"Accepting that one could be wrong, and that one could also be right - simultaneously - would be the Zen way to go, I think. Master Dogen's admonition in Fukanzazengi to 'stop the functions of the mind' by setting aside all thoughts of good and evil, right or wrong, is of course intended to be followed while on the cushion, where it is actually doable. But it is difficult to apply when off the cushion, in the hurly-burly of everyday life. It becomes nearly impossible during times of interpersonal conflict."- Taiun Michael Elliston
Sensei Elliston is one who has seen more than his fair share of interpersonal conflict lately, so I listen when he has something to say on this matter. At a member of the Atlanta Zen Center, I get a weekly email update of upcoming events in the sangha, and some of the emails contain short essays from sensei and some do not. This week's did, and here's some of what he had to say, this week starting with the implicit assumptions of what Zen meditation even is:
A little later, he speaks of the stages of training and their associated vestments:"What is it that we think we know for sure, when we enter into Zen meditation? Even to say that one enters into Zen meditation contains a lot of unspoken assumptions. It asserts the familiar and classical fallacy that there is a person who is doing the zazen. It suggests that the time, causes and conditions before we sit in zazen are separate and apart from those when we are sitting. It assumes that there is something called Zen meditation that we can indeed enter into. It establishes that our meditation is not just meditation, but Zen meditation. It follows that there is something called Zen meditation that is not the same as other meditations.
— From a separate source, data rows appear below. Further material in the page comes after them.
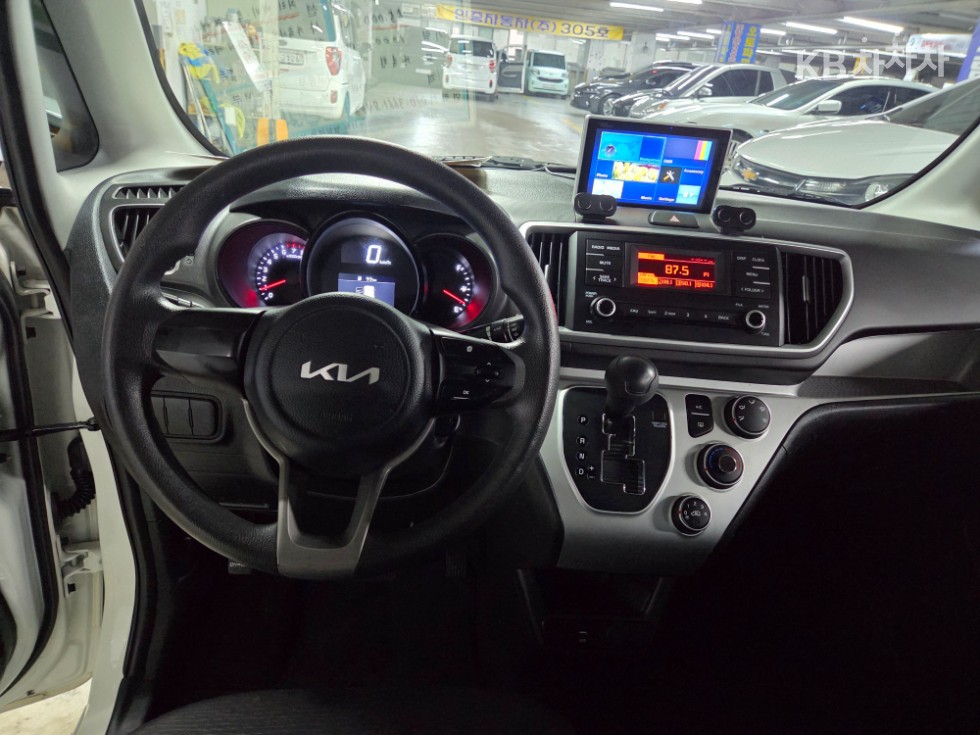 2022 - kia ray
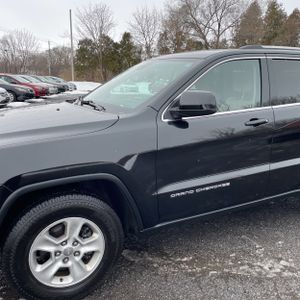 JEEP GRAND CHEROKEE LAREDO - 2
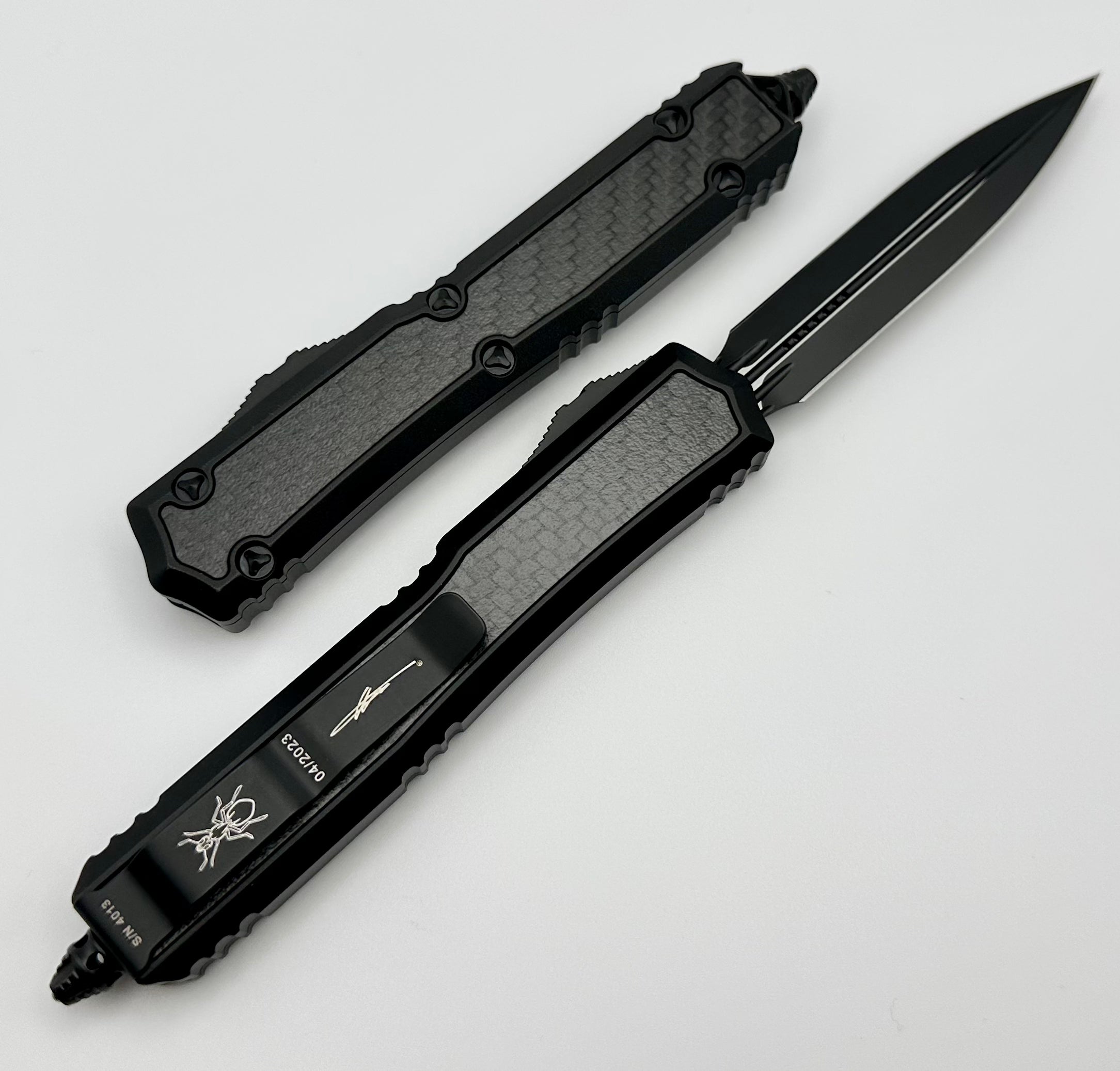 Microtech Makora Double Edge Tactical w/ Carbon Fiber Inlays Signature Series 206-1TCFIS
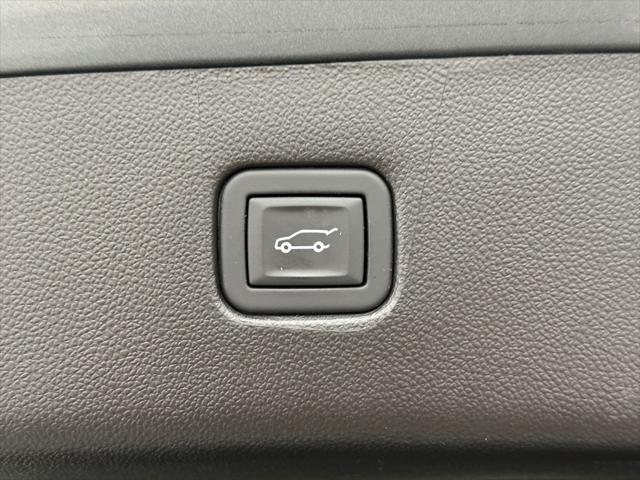 used 2023 Chevrolet Blazer car, priced at $26,900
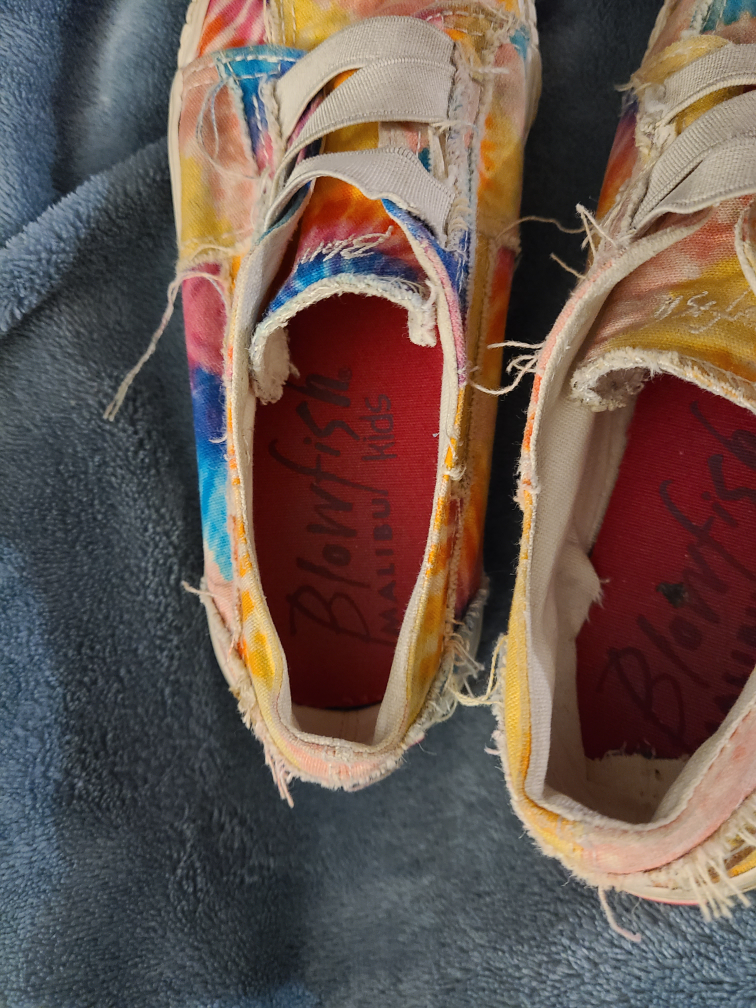 girl's Kids shoes 3 pairs image indicator(2)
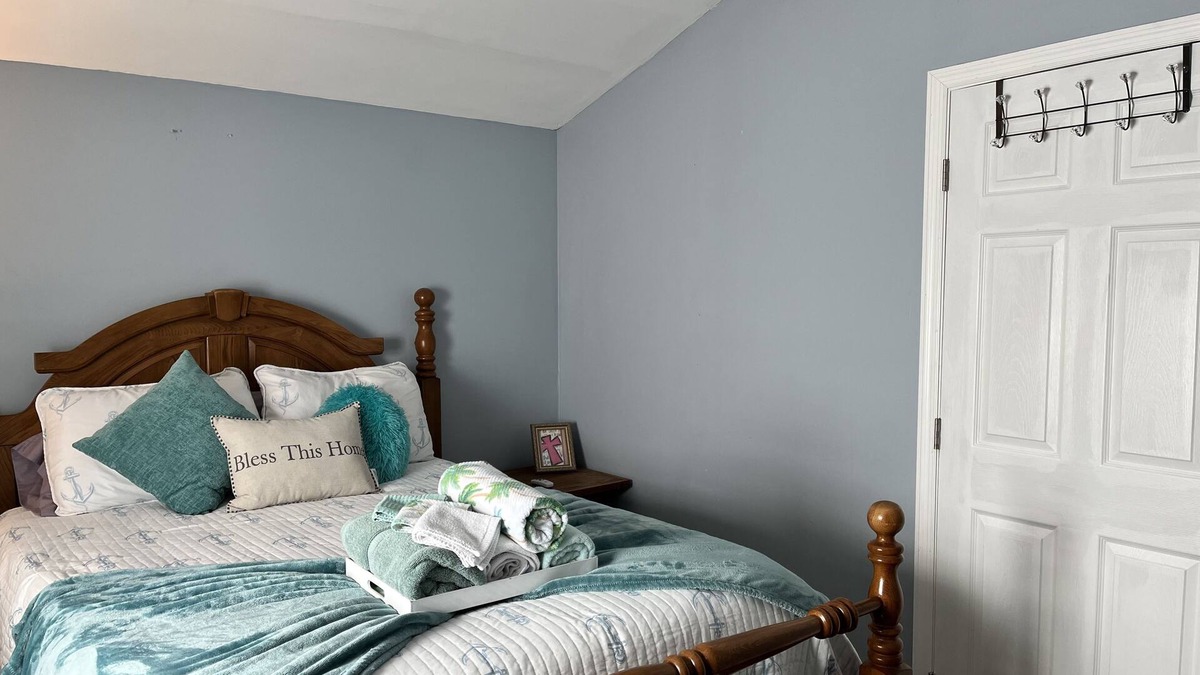 Albany Apartment | Entire Space, 2 private bath! 2bdrm-Apt in guest barn complex. Private entry!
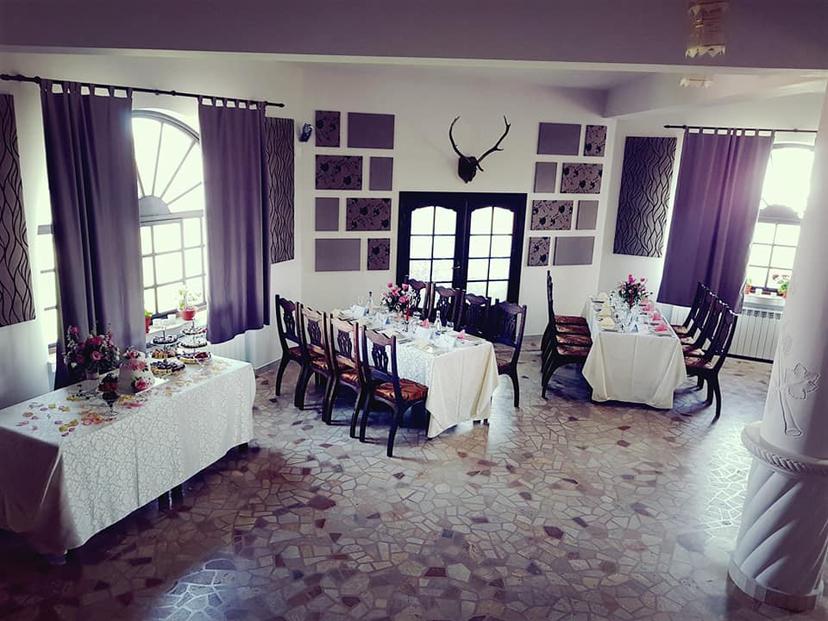 https://honeypot0.s3.amazonaws.com/gallery/1740505299606-gallery-Petit%20Chateau%20%20%283%29.jpg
It also implies that, Zen or not, there is actually something called meditation. All of these, while bearing a degree of conventional truth, are fallacies.It can also be argued that the notions that there is not something called Zen meditation to enter into, or that it is the same as all other meditations, are also fallacies. It is easier for us to fall for some fallacies than for others. It is easy to believe (in the non-religious sense, or philosophically) that Zen meditation is different from other meditations, indeed superior. Why? Because it is the meditation milieu of OUR choice. It must be superior, if we devote our precious time and effort to it . . ."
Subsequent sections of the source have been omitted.